Fahimi Hnazaee Mansoureh, Khachatryan Elvira, Van Hulle Marc M
Laboratory for Neuro- and Psychophysiology, Department of Neurosciences, KU Leuven, Leuven, Belgium.
Front Hum Neurosci. 2018 Dec 13;12:503. doi: 10.3389/fnhum.2018.00503. eCollection 2018.
The neural principles behind semantic category representation are still under debate. Dominant theories mostly focus on distinguishing concrete from abstract concepts but, in such theories, divisions into categories of concrete concepts are more developed than for their abstract counterparts. An encompassing theory on semantic category representation could be within reach when charting the semantic attributes that are capable of describing both concept types. A good candidate are the three semantic dimensions defined by Osgood (potency, valence, arousal). However, to show to what extent they affect semantic processing, specific neuroimaging tools are required. Electroencephalography (EEG) is on par with the temporal resolution of cognitive behavior and source reconstruction. Using high-density set-ups, it is able to yield a spatial resolution in the scale of millimeters, sufficient to identify anatomical brain parcellations that could differentially contribute to semantic category representation. Cognitive neuroscientists traditionally focus on scalp domain analysis and turn to source reconstruction when an effect in the scalp domain has been detected. Traditional methods will potentially miss out on the fine-grained effects of semantic features as they are possibly obscured by the mixing of source activity due to volume conduction. For this reason, we have developed a mass-univariate analysis in the source domain using a mixed linear effect model. Our analyses reveal distinct networks of sources for different semantic features that are active during different stages of lexico-semantic processing of single words. With our method we identified differences in the spatio-temporal activation patterns of abstract and concrete words, high and low potency words, high and low valence words, and high and low arousal words, and in this way shed light on how word categories are represented in the brain.
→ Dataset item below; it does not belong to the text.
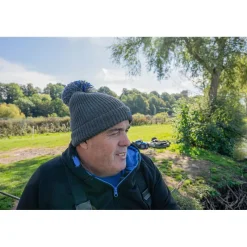 Preston Innovations Bonnet Marled Bobble - Bleu * Bonnets, Tours De Cou & Gants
语义范畴表征背后的神经学原理仍在争论之中。主流理论大多聚焦于区分具体概念与抽象概念,然而在这些理论中,具体概念的分类比抽象概念的分类更为成熟。当描绘出能够描述这两种概念类型的语义属性时,一个关于语义范畴表征的综合性理论可能就会出现。一个很好的候选是由奥斯古德定义的三个语义维度(效价、价值、唤醒度)。然而,为了表明它们在多大程度上影响语义加工,需要特定的神经成像工具。脑电图(EEG)在时间分辨率上与认知行为及源重建相当。使用高密度设置,它能够产生毫米级别的空间分辨率,足以识别可能对语义范畴表征有不同贡献的大脑解剖分区。认知神经科学家传统上专注于头皮区域分析,当在头皮区域检测到效应时才转向源重建。传统方法可能会错过语义特征的细粒度效应,因为它们可能会被由于容积传导导致的源活动混合所掩盖。出于这个原因,我们在源域中使用混合线性效应模型开发了一种多变量分析方法。我们的分析揭示了在单个单词的词汇 - 语义加工的不同阶段活跃的、针对不同语义特征的不同源网络。通过我们的方法,我们识别出了抽象词与具体词、高效价词与低效价词、高唤醒度词与低唤醒度词在时空激活模式上的差异,从而阐明了单词类别在大脑中是如何被表征的。